### TASK DIRECTIONS
Every line below should be given again without alteration.

(Records from a collection)
───

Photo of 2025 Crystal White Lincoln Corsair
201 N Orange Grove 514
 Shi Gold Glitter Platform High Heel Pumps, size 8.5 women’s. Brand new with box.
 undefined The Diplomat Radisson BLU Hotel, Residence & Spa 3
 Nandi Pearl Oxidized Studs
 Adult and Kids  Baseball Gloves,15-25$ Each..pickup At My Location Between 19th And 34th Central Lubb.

───

### EXERCISE ANSWER
Photo of 2025 Crystal White Lincoln Corsair
201 N Orange Grove 514
 Shi Gold Glitter Platform High Heel Pumps, size 8.5 women’s. Brand new with box.
 undefined The Diplomat Radisson BLU Hotel, Residence & Spa 3
 Nandi Pearl Oxidized Studs
 Adult and Kids  Baseball Gloves,15-25$ Each..pickup At My Location Between 19th And 34th Central Lubb.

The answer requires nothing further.